Brushburns hurt in dreams... nausea feels nauseous in dreams... landing on metal bars with your feet hurts in dreams... but breaking your neck doesn't. According to my dreams, anyway. Hmmm.

----------


## LucidityIsKey1

That's because in a dream, you believe you're there. Your mind actually interprets all of the signals you get in a dream, painful or not. When you get a painful signal (i.e. getting shot or likewise) your brain, if never experiencing the event, tries to imagine how it would feel. 

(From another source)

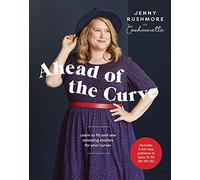 Ahead of the Curve: Learn to Fit and Sew Amazing Clothes for Your Curves
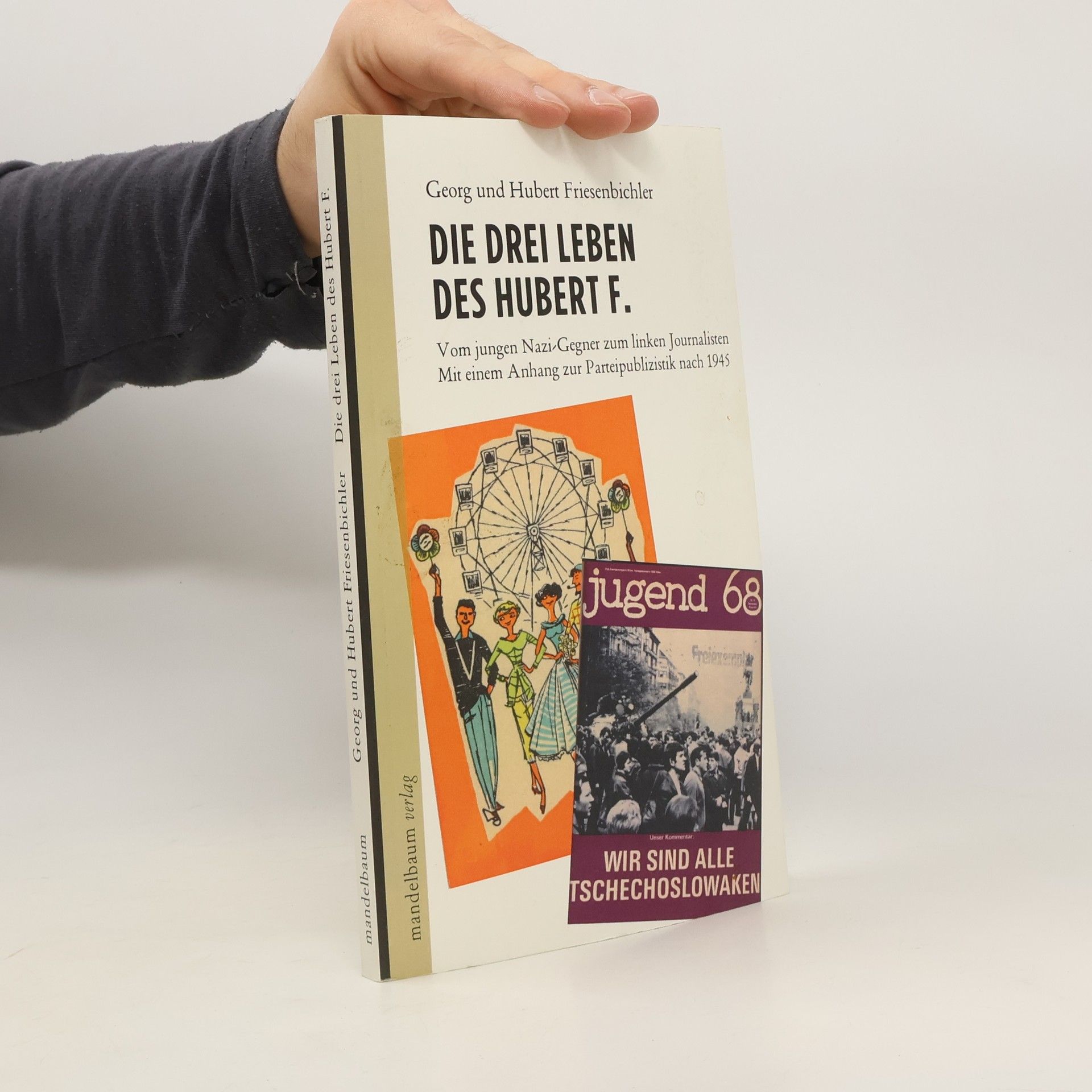Georg Friesenbichler Die drei Leben des Hubert F.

The brain is very powerful, so you will actually feel some pain, it's uncanny  ::D:

----------


## Bluemangroup

It's like The Matrix says
The body cannot live without the brain  :wink2:

----------


## WarBenifit156

I started to feel pain on my eye's when I did my first successful DEILD. Go to my lucid dream journal to read about it.

----------


## DreamingGhost

I use to not feel pain in my dreams lucid and non, but now I have started to feel pain when I am shot or cut or stabbed or something like that, but these happen so rare in my dreams I do not really take note of the pain when I wake up or in the dream as it only feels like I have been punched really hard in the case of the shootings and stabbings, and like a really amped up paper cut for the cuts.

Taek Care,
D.G.  ::jester::

----------


## Puffin

I've felt sharp pain in both SP and in regular dreams. I once had a dream where I was sawed in half and although the pain wasn't horrible, it was there. I didn't like it that much!  :tongue2:  In my lucid ones, sometimes I egg criminals or other people on to shoot me so I can have fun with invulnerability. I've gotten shot multiple times and never once felt pain from the bullets, although once I did feel an impact.

----------


## fautzo

heh reading all this makes me feel like im gonna get shot in a dream now

----------